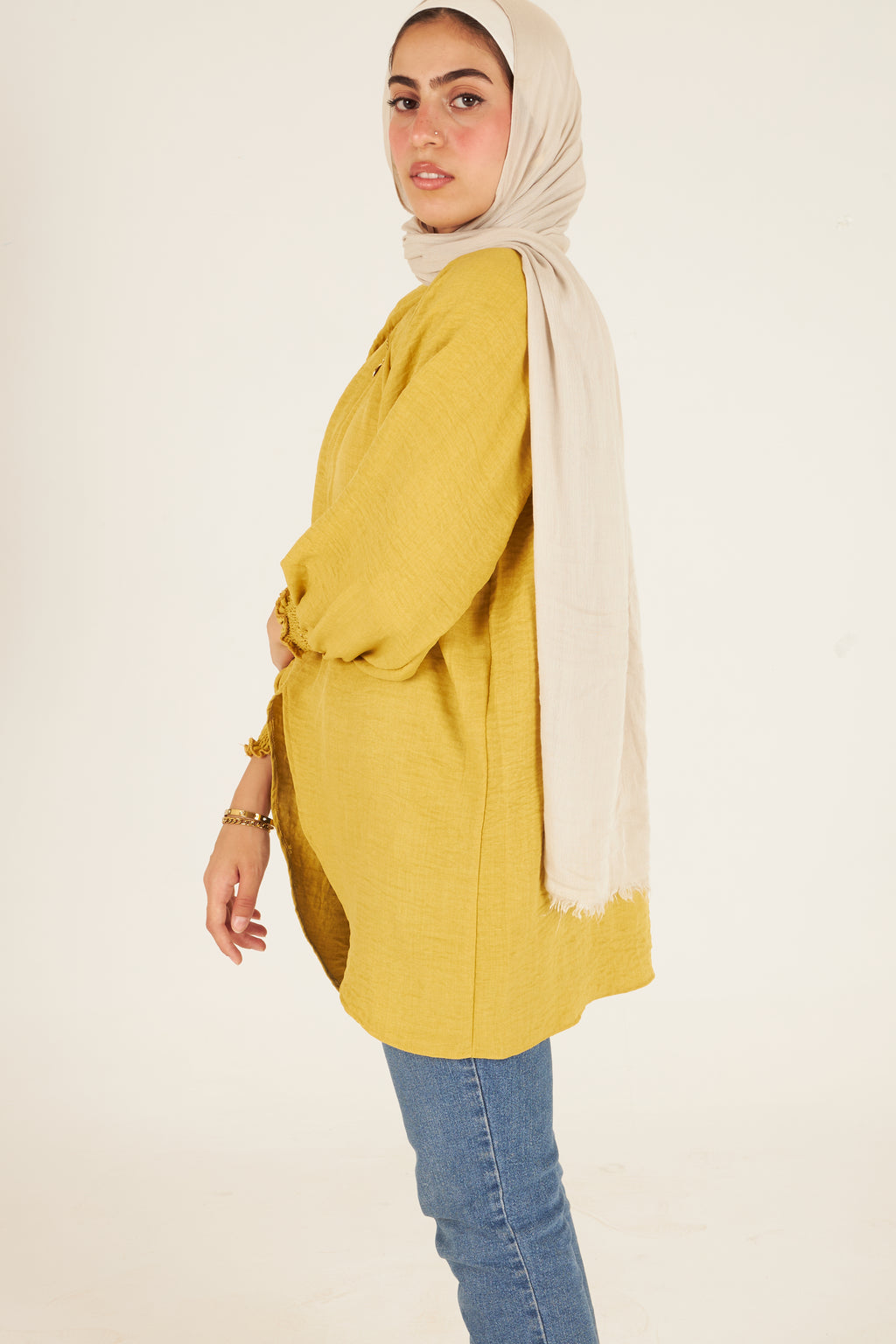 Raglan V-Blouse in Mustard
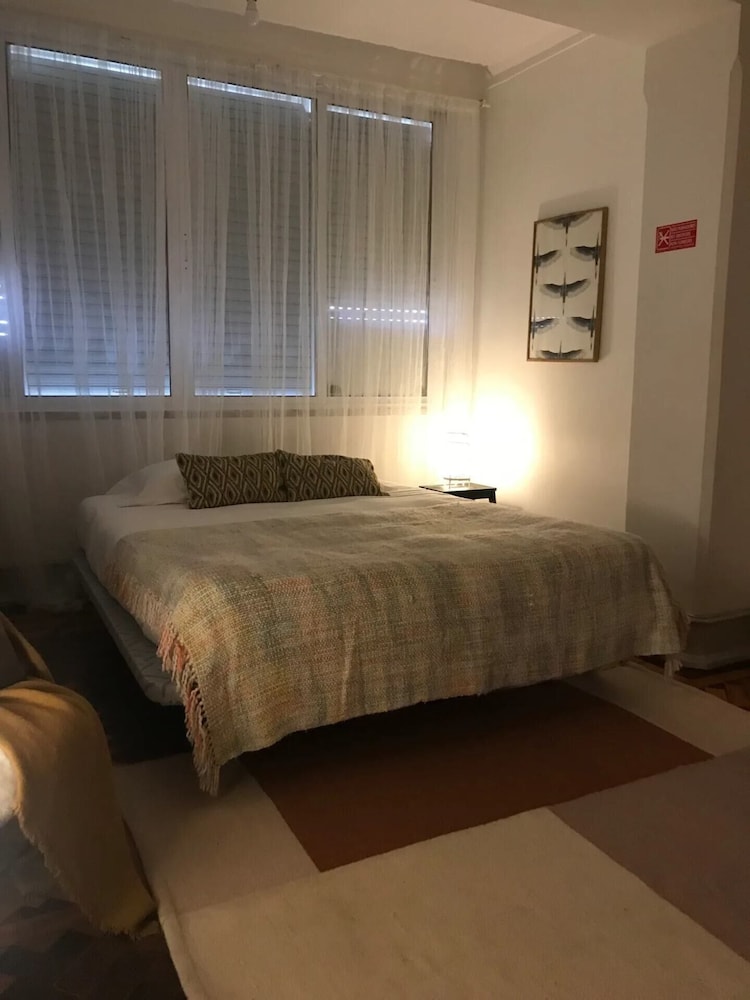 Beautiful 7 Bedroom Apartment in Lisbon view 2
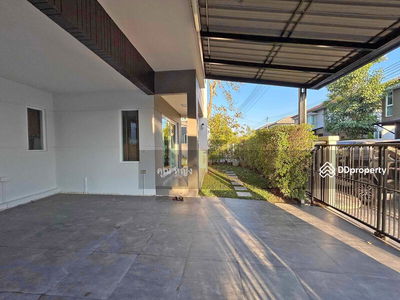 Housing in Chiang Mai, Thailand Housing in Chiang Mai, Thailand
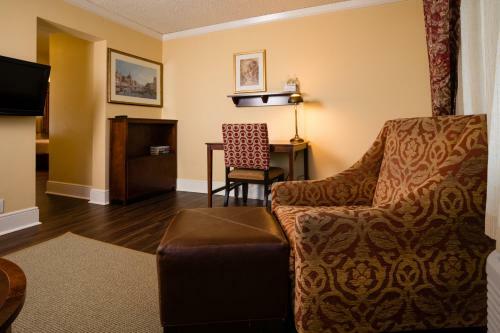 Hotel Park Lane Suites & Inn
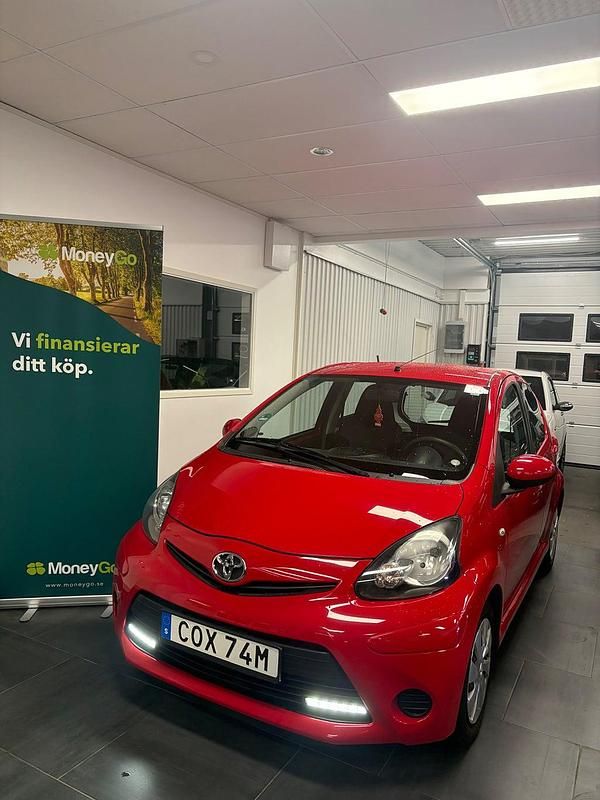 Röd Begagnad 2012 Toyota Aygo Halvkombi | 39 900 kr (Marknadspris) - Bild 1/4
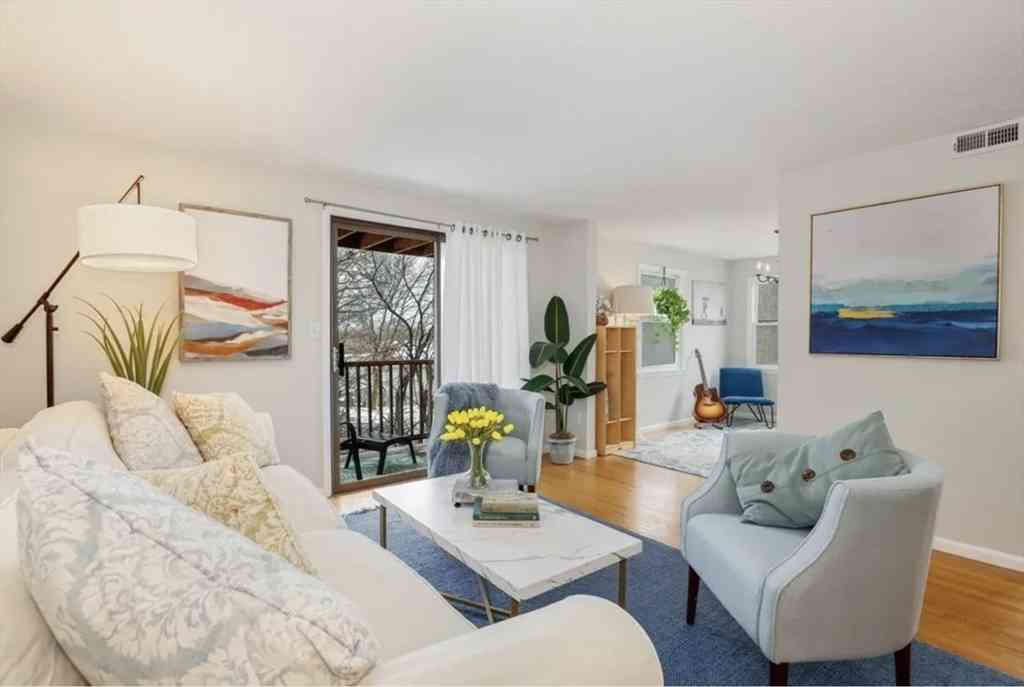 Condo For Rent - 25 Rockland Street #7<br/> Boston, MA 02131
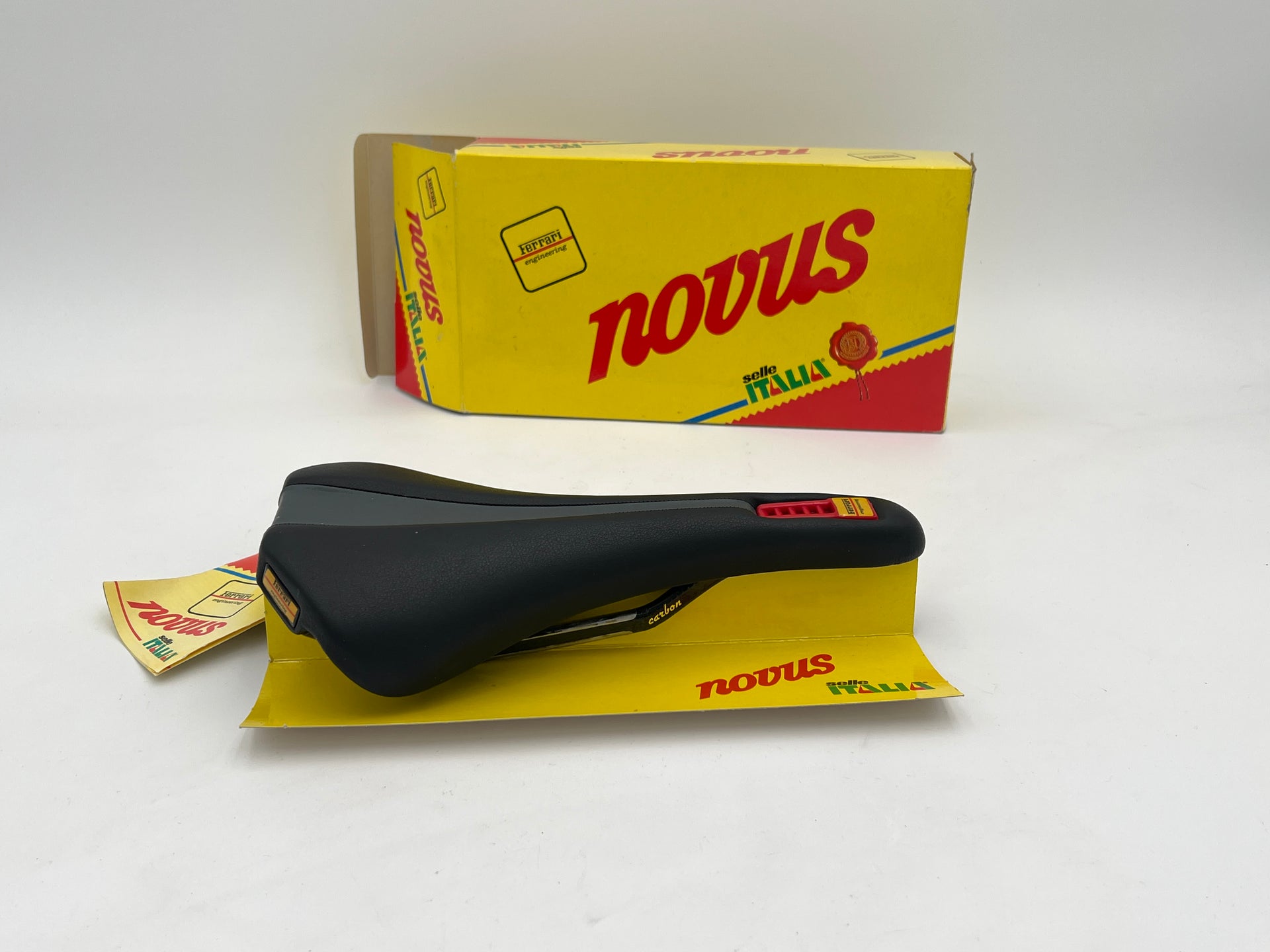 Selle Italia Novus Ferrari Saddle Carbon Fiber Rails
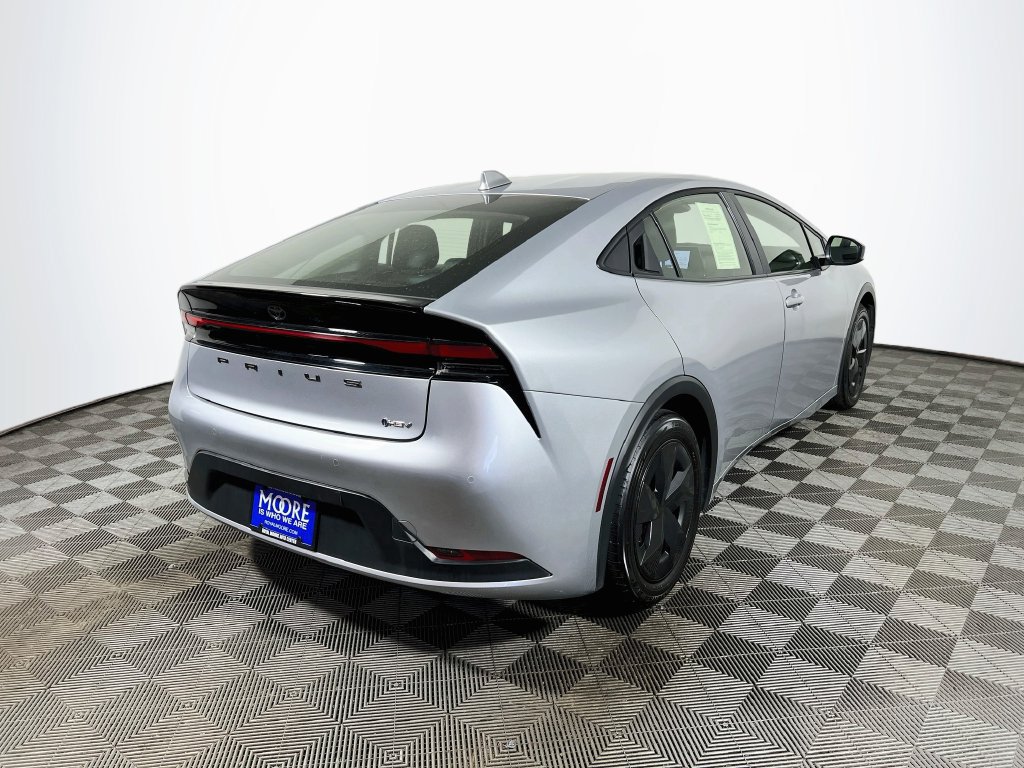 Certified 2025 Toyota Prius LE FWD image 7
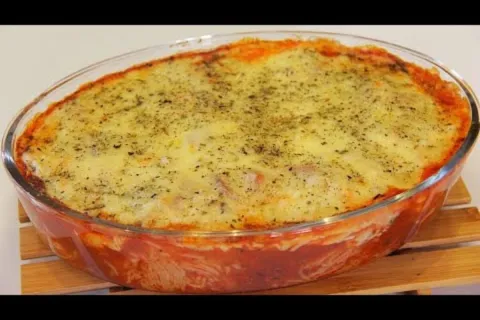 Macarrão de forno com ninho recheado de carne moída e molho,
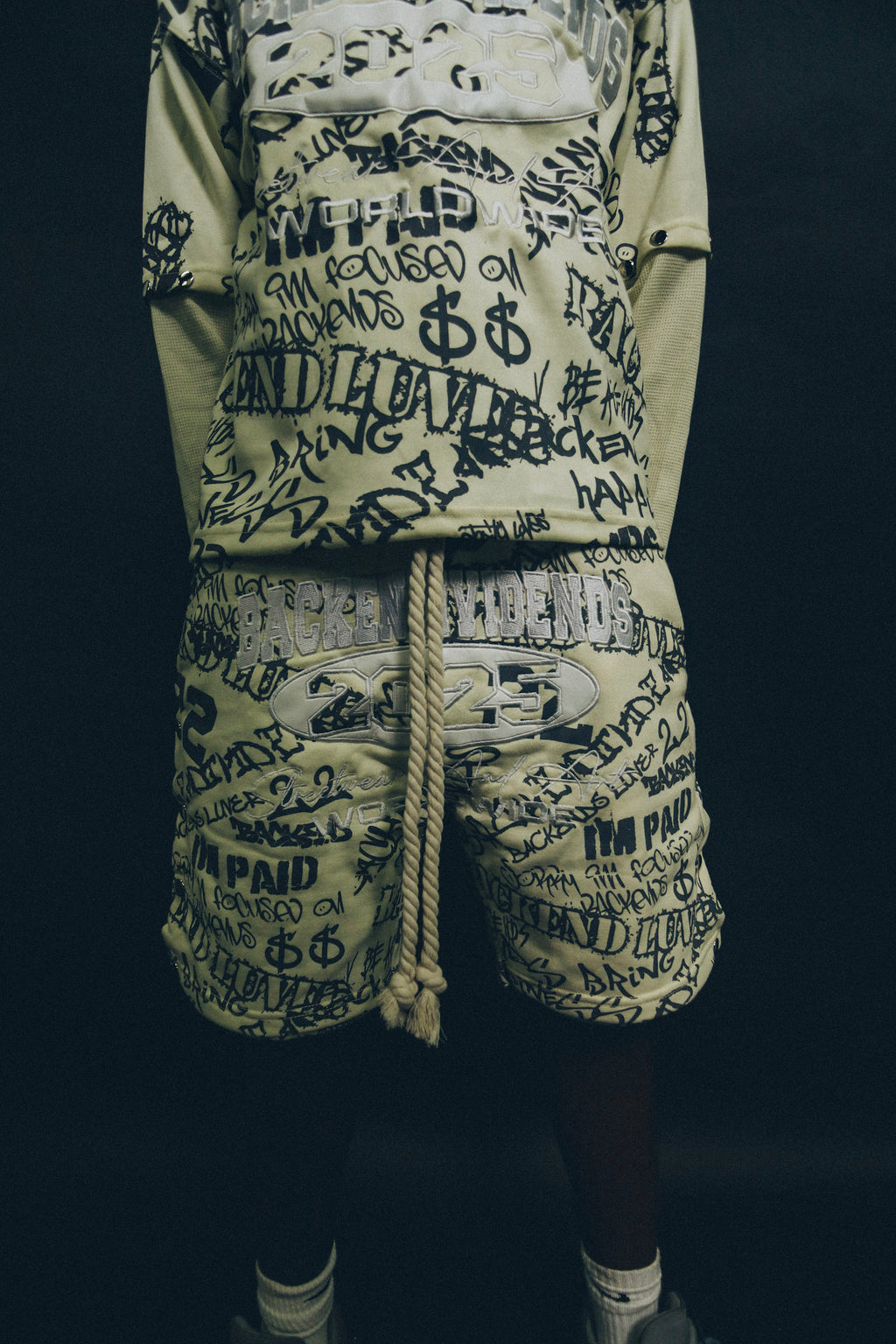 ALL OVER GRAFFITI “SHORTS”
·····
> What you should do: Reproduce every entry exactly; images stay out.

> Expected answer:
 Raglan V-Blouse in Mustard
 Beautiful 7 Bedroom Apartment in Lisbon view 2
 Housing in Chiang Mai, Thailand Housing in Chiang Mai, Thailand
 Hotel Park Lane Suites & Inn
 Röd Begagnad 2012 Toyota Aygo Halvkombi | 39 900 kr (Marknadspris) - Bild 1/4
 Condo For Rent - 25 Rockland Street #7<br/> Boston, MA 02131
 Selle Italia Novus Ferrari Saddle Carbon Fiber Rails
 Certified 2025 Toyota Prius LE FWD image 7
 Macarrão de forno com ninho recheado de carne moída e molho,
 ALL OVER GRAFFITI “SHORTS”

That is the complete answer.